Helm Chart vs. Operator¶
| Capability | Helm chart | Operator |
|---|---|---|
| Application & configuration | ||
| Web server, workers, Celery Beat, Flower, websocket | ✓ | ✓ |
| Env vars, sidecars, init containers, custom volumes | ✓ | ✓ |
| Probes, security contexts, scheduling constraints, PDBs | ✓ | ✓ |
superset_config.py |
one shared file assembled from configOverrides keys |
operator-generated base (SECRET_KEY, metastore, Valkey, Celery, SQLAlchemy) with your top-level config and per-component config appended after it |
| Default labels & annotations | chart-supplied; can drift | app.kubernetes.io/{name,instance,component} + superset.apache.org/parent on every resource, protected from override; per-component deploymentTemplate/podTemplate labels/annotations inherit top-level defaults |
| Routing | ||
| Ingress | web server only (websocket via a separate rule) | web server and every present component (websocket, Flower, MCP), each on its own subpath, from one object |
| Gateway API | — | first-class, with the same automatic per-component fan-out |
| Lifecycle | ||
Migrate — superset db upgrade |
install-time hook Job | managed migrate task: drains to avoid deadlocks, gates rollout, retries, status |
Init — superset init |
same hook Job | managed init task: config-checksum driven |
Secret-key rotation — re-encrypt-secrets |
— | rotate task |
| Staging data clone | — | clone task — Development/Staging only, cronSchedule refresh, not a backup |
| Upgrade gating, supervised approval, maintenance page | — | ✓ |
| Scaling & operations | ||
| Autoscaling | web server, worker | web, worker, Flower, websocket (autoscaling/v2: CPU/memory/custom/external) |
| Continuous reconciliation & drift correction | — | ✓ |
| Typed metastore/Valkey/Gunicorn/Celery config + production secret validation | — | ✓ |
Prometheus ServiceMonitor |
— | ✓ |
Per-instance NetworkPolicy isolation |
— | ✓ |
| Dependencies & secrets | ||
| Bundled PostgreSQL / Redis subcharts | ✓ | bring your own |
| Inline secrets in values | ✓ | external Kubernetes Secrets required in production |
| Celery Beat PDB | ✓ | singleton, no PDB field |
service.loadBalancerIP |
✓ | use a provider Service annotation |
The operator's intentional gaps each have a straightforward workaround:
provision PostgreSQL and Redis/Valkey separately and point spec.metastore /
spec.valkey at them; move inline secrets into Kubernetes Secrets referenced by
secretKeyFrom and the *From fields; influence Celery Beat scheduling with
priorityClassName and affinity (a PDB on a 1-replica singleton is advisory
only); and pin a load-balancer address with a cloud-provider Service annotation.

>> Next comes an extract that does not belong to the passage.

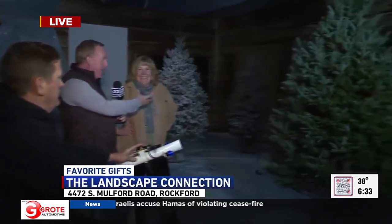Welcome to the Landscape Connexion. We've got Michelle and Glenn.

The Value Mapping section below translates every field in
detail.
Migration Workflow¶
- Export the Helm values used by the existing release:
-
Identify external dependencies. If the Helm release currently relied on the bundled PostgreSQL or Redis subcharts, install those dependencies as standalone Helm releases or otherwise provision equivalent services before moving Superset to the operator. Do not delete the Helm release until database persistence and backups are understood.
-
Create Kubernetes Secrets for the Superset
SECRET_KEY, database connection string or password, and Valkey/Redis password. Prefer a full SQLAlchemy URI inmetastore.uriFromwhen migrating from Helm because it preserves the exact connection string.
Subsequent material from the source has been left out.